National Guard to relieve some U.S. troops in Iraq

Fort Riley brigade likely to be deployed

? U.S. Army leaders are preparing to announce as early as today a plan to start relieving exhausted troops in Iraq with thousands of soldiers from U.S.-based units and an additional 10,000 National Guardsmen who will be called to active duty.

The deployments will be part of a detailed, two-year plan to make certain that units in Iraq, Afghanistan and other countries where the United States has peacekeeping forces are rotated home after one year.

Military informants told Knight Ridder that Acting Army Chief of Staff Gen. John Keane would designate both active-duty and Army National Guard units to be placed on the list to deploy to Iraq. The informants spoke on the condition of anonymity.

The plan will require the call-up of two specially trained “enhanced brigades” of the Army National Guard for one-year tours in Iraq, in addition to three active-duty brigades also destined for Iraq as replacements.

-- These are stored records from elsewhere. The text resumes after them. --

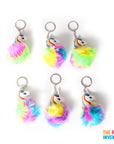 Rainbow Unicorn Fluffy Pom Pom Key Ring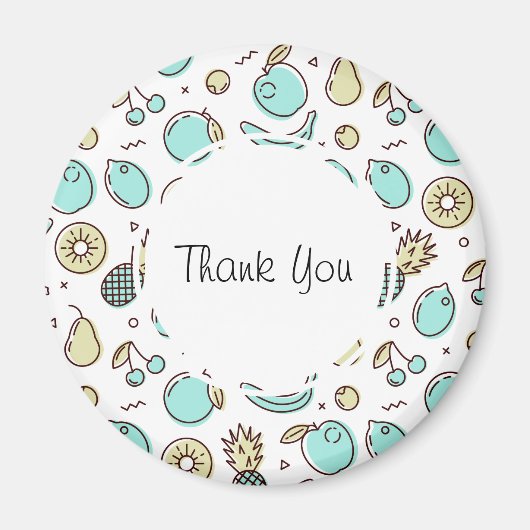 Niedliches Fruchtmuster Sommerliches Thema Vielen  Magnet (Vorne)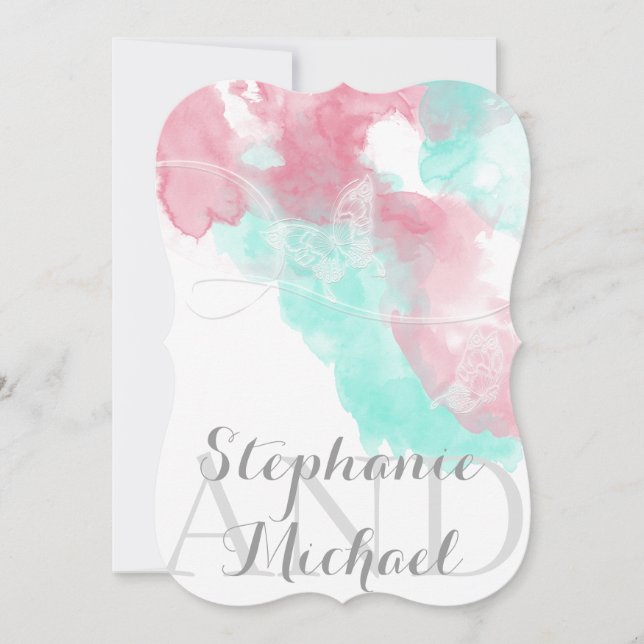 Watercolor Butterfly Minted Blush Wedding Invitation (Front)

The 1st Cavalry Division at Fort Hood, Texas, will play a key part in Keane’s rotation and assignment plans.

The three active-duty brigades likely to be tapped for Iraq duty this year are a brigade of the 82nd Airborne Division at Fort Bragg, N.C., a new experimental Stryker armored vehicle-equipped brigade of the 2nd Division based at Fort Lewis, Wash., and a brigade of the 1st Armored Division based at Fort Riley, Kan.

There are already more than 200,000 National Guard and reserve troops of all services on active duty out of a total part-time force of 900,000.